It Was Always My Choice to Make
It Was Always My Choice to Make
A ship at sea. Date: January 14, 2018 Author: Live Your Wage
I’m in the bowels of a large ocean liner steaming across the open sea. My heart is pounding and my arms ache. I’ve been shoveling coal from giant reservoirs into the furnace. Me and dozens of workers are in a giant boiler room and have been shoveling non-stop for 10 hours. (1)
The burning coal provides the steam that turns the 8 giant 30-foot pistons just behind our massive boiler room. The pistons in turn rotate the two enormous propellers just aft of the ship. The more coal, the more steam. The more steam, the more pressure to turn the pistons and apply power to the propellers – and the faster we get to our destination.
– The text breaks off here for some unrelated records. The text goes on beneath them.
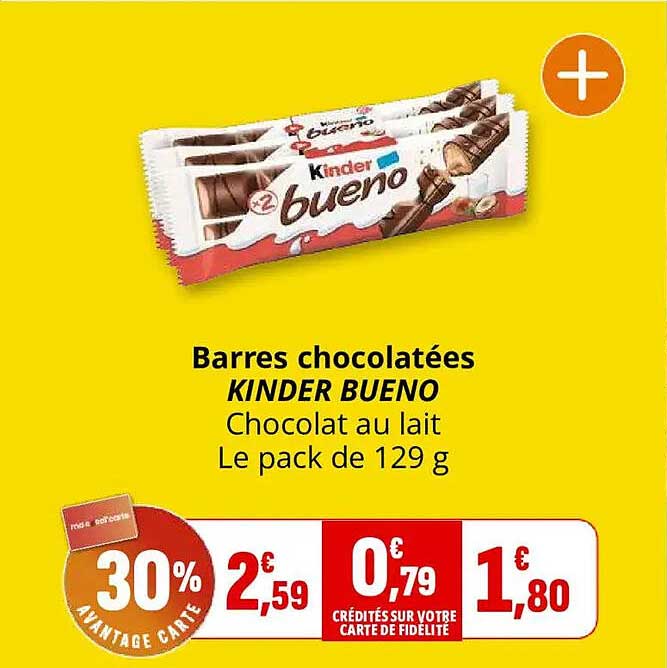 Barres chocolatées KINDER BUENO Chocolat au lait Le pack de 129 g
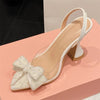 Sandali casual con fascia trasparente e fiocco da donna ATREND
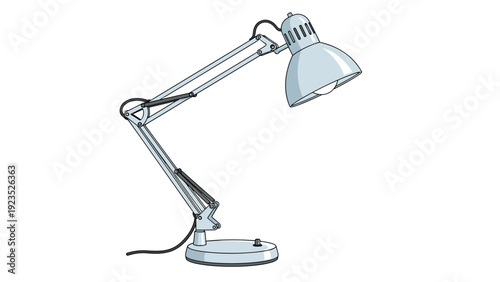 Adjustable blue metal desk lamp with a circular base and flexible arm providing illumination for workspace or study area.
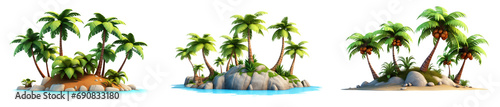 Set of 3d cartoon clipart island palm trees landscape,  isolated on white and transparent background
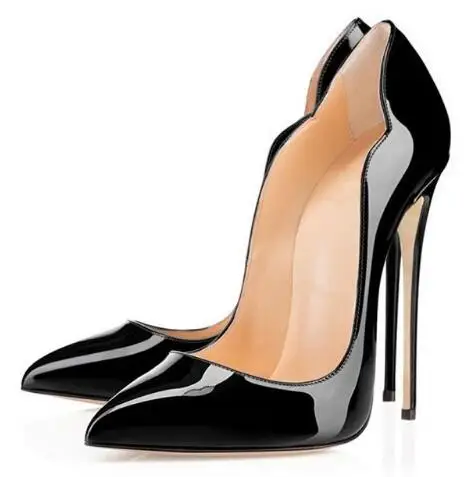 

Carole Levy Fashion Black Patent Leather Woman Pumps Pointed Toe Thin Heels Dress Shoe 2019 Sexy high Heel Shoe Red Yellow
But I don’t know where our destination is? The captain from his perch in the pilot house has voiced on more than one occasion that the destination is a tropical island of unbelievable beauty. The passengers have all paid good money to visit this place.
And to stay on schedule the ship must travel as fast as possible. Requests for more coal and more steam are a common refrain from the pilot house.
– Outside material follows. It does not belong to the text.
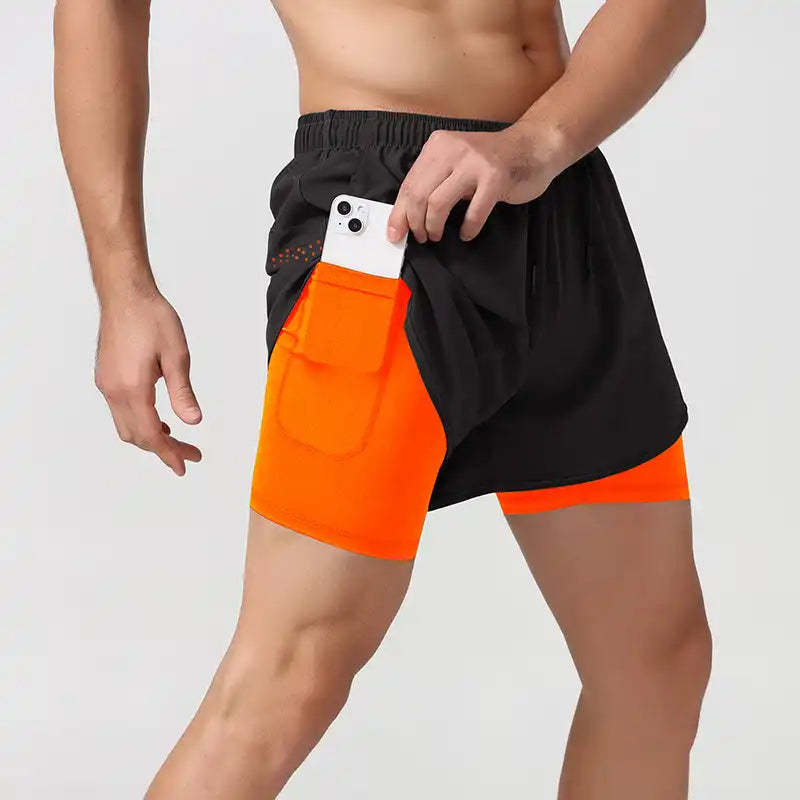 2-in-1 Double Layer Running Shorts - Quick-Dry, Elastic Waist, Multi-Pocket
So I dig and shovel. Day and night. (2)
Finally the ship arrives. Calls for more coal cease. I can feel the ship slowing as we come into port. I hear the call for passengers to disembark.
But I am not offered that option. I am not a passenger.
My orders are to transfer more coal from the main depot in another part of the ship to the large reservoirs in the boiler room to make ready for the next part of the journey.
The task takes most of the day. I never glimpse a window. I never get a peek at the glorious island just outside, let alone set foot in the soft sands.
In fact, the scenery for me is no different here than when we were in the middle of the ocean or even back at our original port. I’d be hard pressed to prove that any change in location had occurred at all.
Abruptly I hear the captain call for engine preparations as the passengers begin returning to the ship. We’ll be leaving port in a matter of minutes. That’s when two very powerful revelations erupt within me.
First, if I never get to see or experience the destination, then the destination doesn’t actually matter.
Sure, it matters to the passengers who are paying good money to get there, and those wages trickle down into my salary, which I value greatly. But does the invisible destination impact or change me in any way? Would it be any different if the destination was a polluted backwater with overgrown brush and rocky beaches?
If you never see the destination, the destination loses all meaning.
The fact that the destination is a wonderful tropical island is just a means of getting passengers to pay money to board the ship. To me, the destination no longer matters. Just the money.
The second revelation is I realize what moves the ship.